Kokosis, A. - Presenter, National Technical University of Athens
Mountraki, A. D., National Technical University of Athens, Greece
Benjelloun Mlayah, B., Compagnie Industrielle de la Mati?re Végétale, France
Recent negative prices of crude oil put more stress on green products to minimize their production cost and environmental footprint. Water, solvent, and energy, known as utility requirements (mass and energy), are the obvious contributors to both economic and environmental sustainability. Reuse/recycle can reduce the cost but, at the same time, increases the complexity of the network. Regeneration can save mass utilities and reduce the effluents, provided that the regeneration cost is lower than the utility savings. The optimal use of each utility is a complicated design problem, and numerous systematic approaches exist in the literature. However, existing methods consider only the simultaneous use of water and energy (or one main component and energy), handling any other substance as a contaminant. Moreover, multiple technological options result in different process designs. Different design configurations create different thermal profiles for the energy network and different effluents for the mass network. The higher the chemical/biological load of the discharged stream, the higher its treatment cost. In addition, intermediate storage is another degree of freedom, which has an impact on the thermal profile of the network and, thus, on energy consumption. As a result, degrees of freedom are not only the stream allocations, but also the mass and energy flows in the network, and the design of the auxiliary units. Decisions need to consider the cost for utilities, for treatment, and for investment in auxiliary units and, at the same time, to keep the complexity of the network low. The challenge is to coordinate all the individual problems into a single formulation.

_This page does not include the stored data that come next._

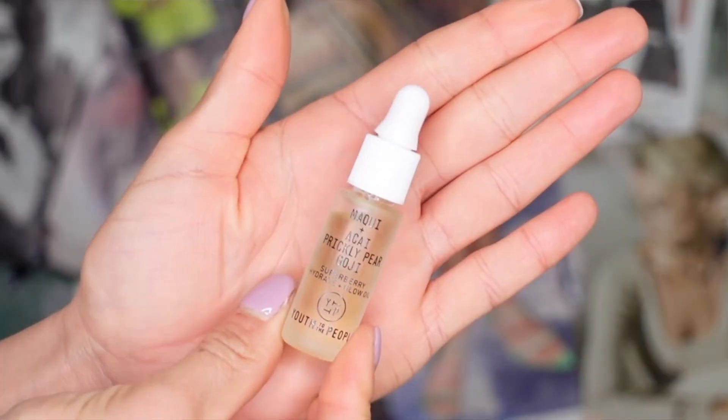The next item in my glam bag is from Youth of the People — it's a Mochi and Acai Prickly Pear Goji Strawberry Hydrating Glow facial oil. I love facial oils! It says to use day or night — after cleansing, apply two to five drops into hands, rub together, and press onto skin. I'm going to apply about three drops. To be honest, it doesn't really smell like much — just a faint, neutral oil scent, not overpowering or bad at all.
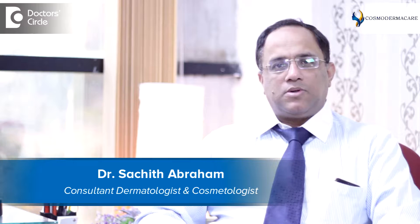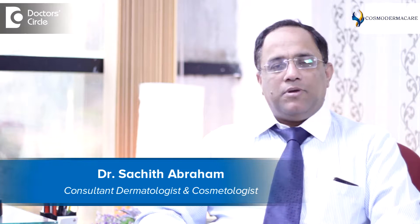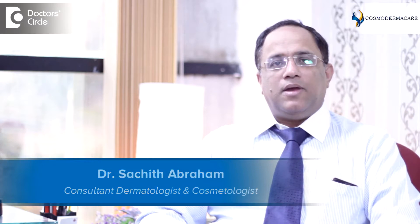Hello, my name is Dr. Satchith Abraham and I practice as a consultant dermatologist at Cosmoderma Care, Bangalore. I've been practicing since the year 2003 and I have 20 years of experience in the field of dermatology, cosmetology, and hair diseases.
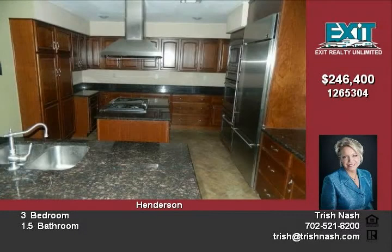Upgraded kitchen with granite counters, stainless steel appliances, breakfast bar, gas stove on kitchen island, and dining area.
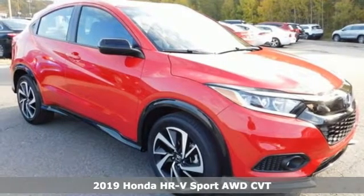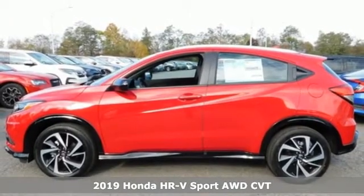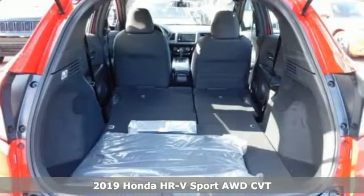Here's a new 2019 Honda HR-V. Is it an SUV, hatchback, or compact? Yes, and it's in a category all its own.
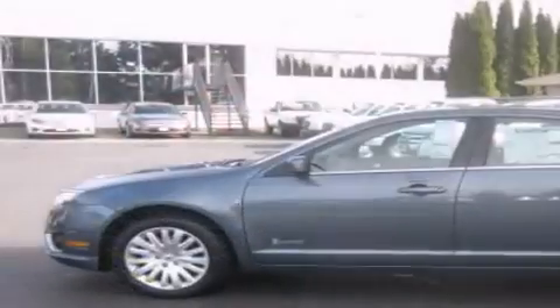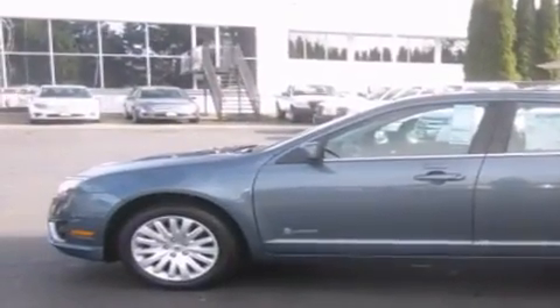This is a brand new 2012 Ford Fusion. It features a 2.5 liter 4-cylinder engine and an automatic transmission.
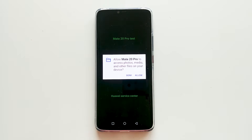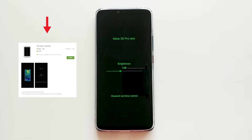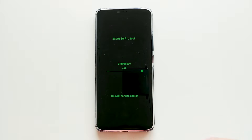Do you own a Huawei Mate 20 Pro and aren't sure if the display is faulty? Download a simple app called Screen Tester. With the application you can check the quality of the screen in your smartphone, and you can download the app for free from the Play Store.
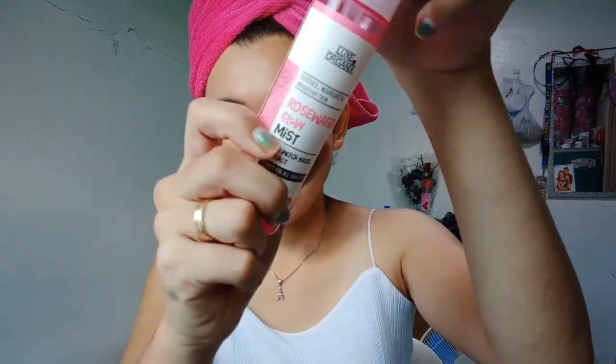You'll notice it has a shade. For the final step, don't forget our setting mist. I'm using the Loxi Organics Rose Water Mist. This way, even when we're just at home, our face still glows and looks fresh.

This work introduces the concept of interacting superstructures for the integrated optimization of utility networks and process design. The method takes into account multiple components (contaminants) and does not pivot on a central component (e.g., water, H2). Alternative design options exist for regeneration and storage. The objective function evaluates the role of each component and balances the trade-offs between reuse, regeneration, and discharge. The problem is nonlinear by nature, but assumptions and piecewise linearization techniques are adopted to keep it linear. The optimization model is applied to design the utility network of a real-life biorefinery process. Results show that the utility network optimization (UNO) model managed to reduce up to 70% of the total annual cost, compared to the initial design, by reducing mainly the utility cost for both mass and energy. UNO identified that, in the particular case study, 62% of the thermal flows are a degree of freedom and managed to allocate mass and thermal flows properly. The UNO model finds practical application in grassroots and retrofit systems, exclusively for the design of the utility network but not for the optimization of the process or the supporting unit design. It can be used to analyze how the uncertainty of different costs affect the process and find flexible designs, able to absorb price fluctuations, simply by changing the mass flows. Future work will incorporate options for the energy system, including heat pumps and generation of different steam qualities. The integration of detailed treatment systems and the analysis of total site networks is also left as a future challenge.

Acknowledgments

Financial support from CIMV and the Marie Curie project RENESENG [FP7-607415] is gratefully acknowledged.